Being an oceanographer could see you involved in areas such as mineral exploitation, shipping, fisheries, coastal construction, pollution, weather prediction, climate change and renewable energy.
Tasks vary depending on whether you're undertaking lab or office-based work, which involves computer modelling, or whether you're at sea on a research vessel, gathering data from subsurface instruments. Your work will also depend on the type of employer you work for and your level of training and experience.
However, as an oceanographer you'll typically need to:
- plan and carry out research expeditions
- collect samples and data from the sea floor using specialised equipment and techniques
- analyse samples for natural and contaminant composition
- look at life forms and matter, such as trace metals, present in sea water
- perform simulations of ocean phenomena using computer or mathematical models
- use statistical models of laboratory and field data to investigate hypotheses and make predictions
- analyse and interpret data from samples, measurements and remote sensing aids
- attend conferences and go on research cruises
- submit proposals to obtain research funding
- write reports and papers on research activities and findings
- lecture to university classes and lead field trips.
- Typical starting salaries for oceanographers range from £18,000 to £25,000 depending on your qualifications and experience.
- You could progress to a salary of £38,000 to £45,000 with substantial experience, depending on the organisation and type of project.
- Lecturers with the right combination of qualifications and experience can earn up to around £60,000.
Research and lecturing posts at universities often follow academic and related staff scales. For salary details, see the University and College Union (UCU).
Salaries in private industry may be on a similar or slightly higher scale.
Income figures are intended as a guide only.
Working hours vary depending on the project and organisation. Extra hours may be required to meet project deadlines, although weekend or shift work is rare on land.
Hours at sea are less regular. Time at sea can vary from days to months.
What to expect
- You may spend a lot of time working in a lab or office using computer modelling systems. However, you'll also spend time away at sea on a research vessel or offshore platform, sampling and gathering data from instruments far below the surface.
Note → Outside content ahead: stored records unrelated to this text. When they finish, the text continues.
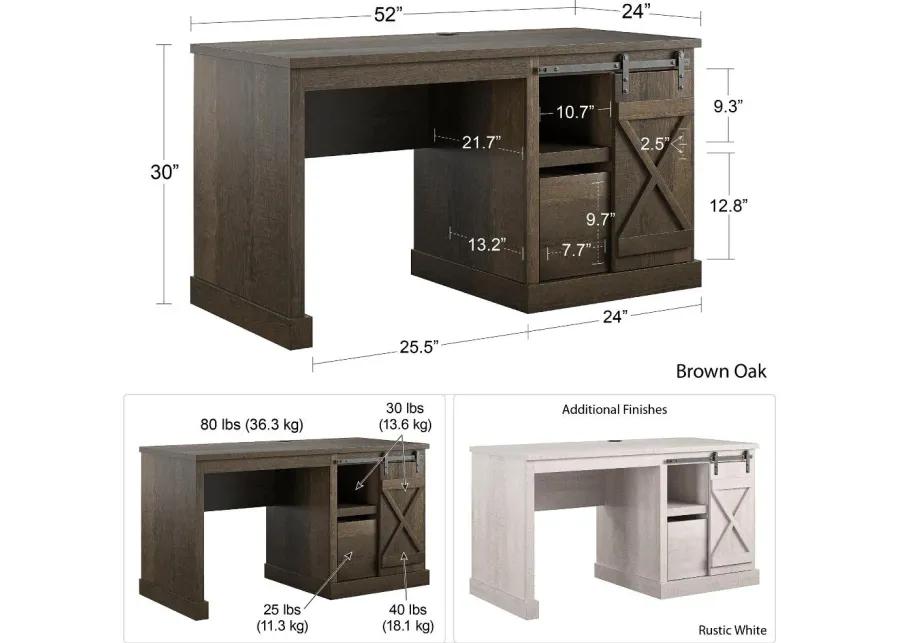 Knox County White Single Pedestal Computer Desk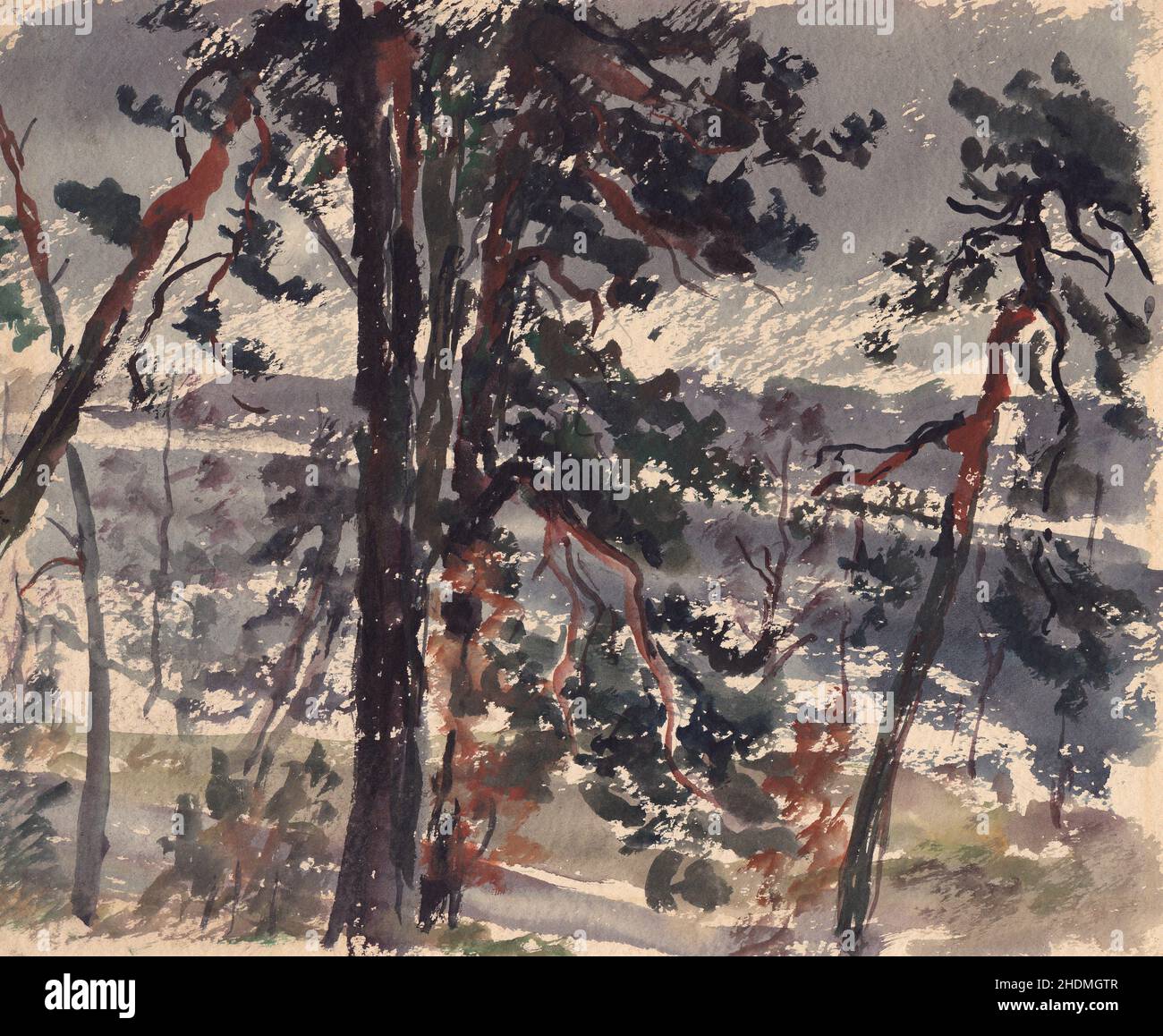 Watercolor landscape with trees hi-res stock photography and images - Alamy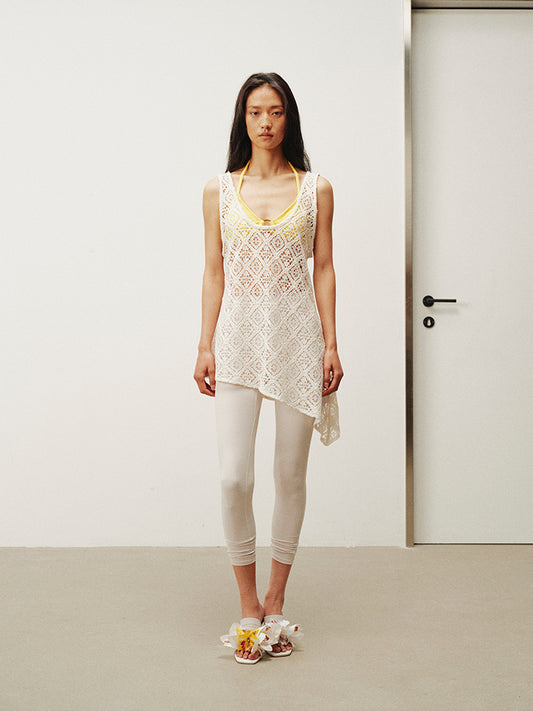 Openwork asymmetric hem tunic vest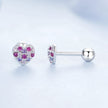 925 Sterling Silver Earrings with Pavé Setting CZ in White Gold for Women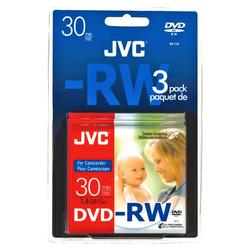 Jvc JVC DVD-RW Media - 1.4GB - 80mm Mini - 3 Pack Jewel Case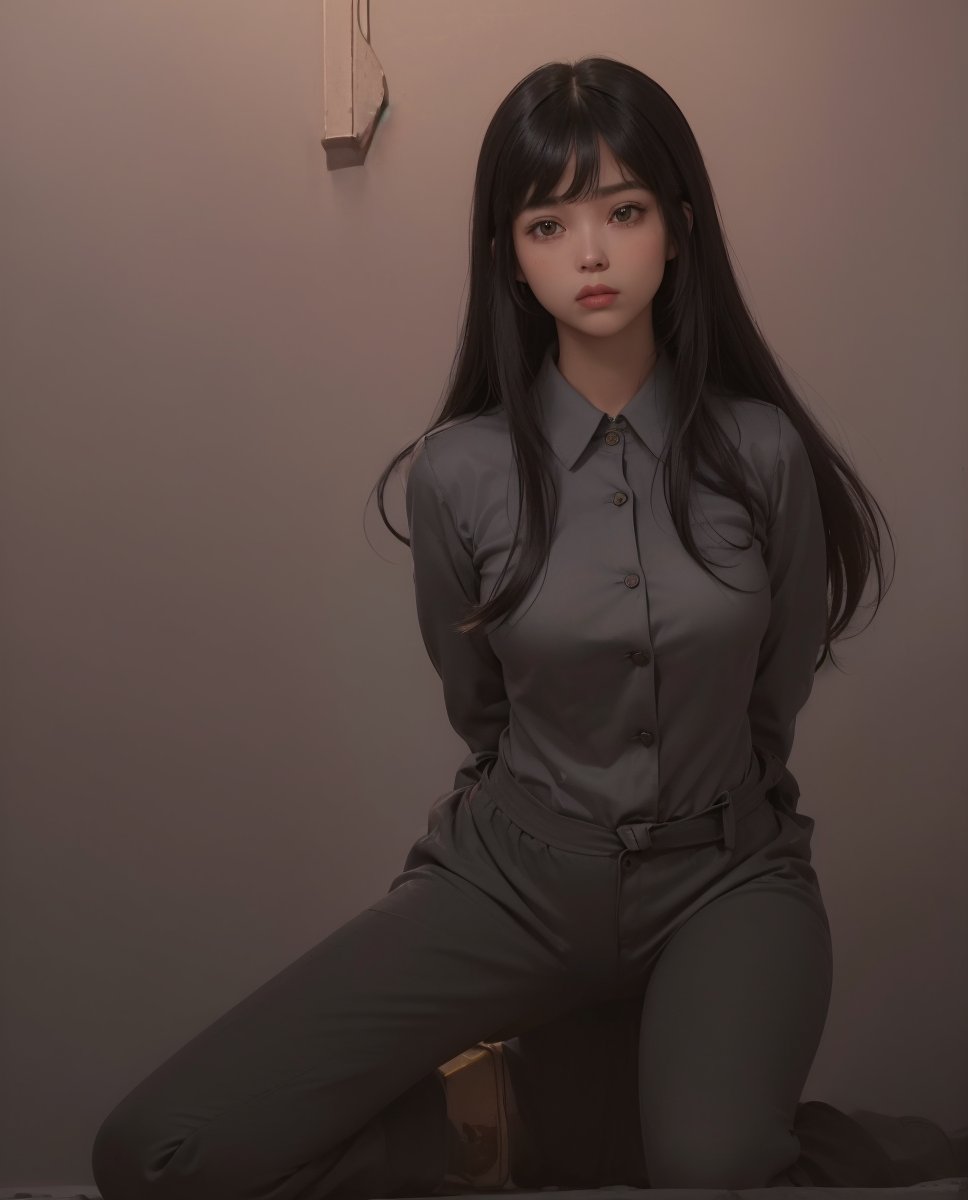 ((((Top_button_collared_long_sleeve_shirt:1.5)))),(((long_pants:1.4))),(((((arms_tied_behind_back,arms_bent:1.7))))),(((kneeling:1.6))),(((((long_hair_with_complete_bangs:1.6))))),(((((side_camera_shot:1.6))))),(((beautiful and aesthetic:1.4))),(expressionless),((((plastic_surgery_round_cheeks, high-bridged_nose:1.5)))),(communist_prison_cell:1.7),
perfect.,Bomi,Enhance,Model ,Asian ,eungirl,((((1girl)))).,((Perfect lips)).,perfect light.,insane details ,high details,perfect light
You need to be comfortable using diving equipment and submersible vehicles to deploy and recover instruments.
- Conditions at sea may be hazardous and physically demanding, with cramped accommodation and difficult weather conditions. Adjusting to periods away at sea and working long hours may be challenging. However, most oceanographers view time at sea as an essential and rewarding part of the work.
- You'll often work on projects with professionals from related disciplines and also with marine meteorologists.
- Most contracts are fixed term, even if you have strong academic qualifications and experience. In academia and industry, many oceanographers are employed on a rolling-contract basis, which is dependent on grant or contract funding availability. Jobs are more likely to be permanent with government departments and agencies.
- Jobs are restricted to specialist organisations and particular locations. There are opportunities to work overseas, particularly if you're qualified at PhD level, as well as at sea on board research vessels.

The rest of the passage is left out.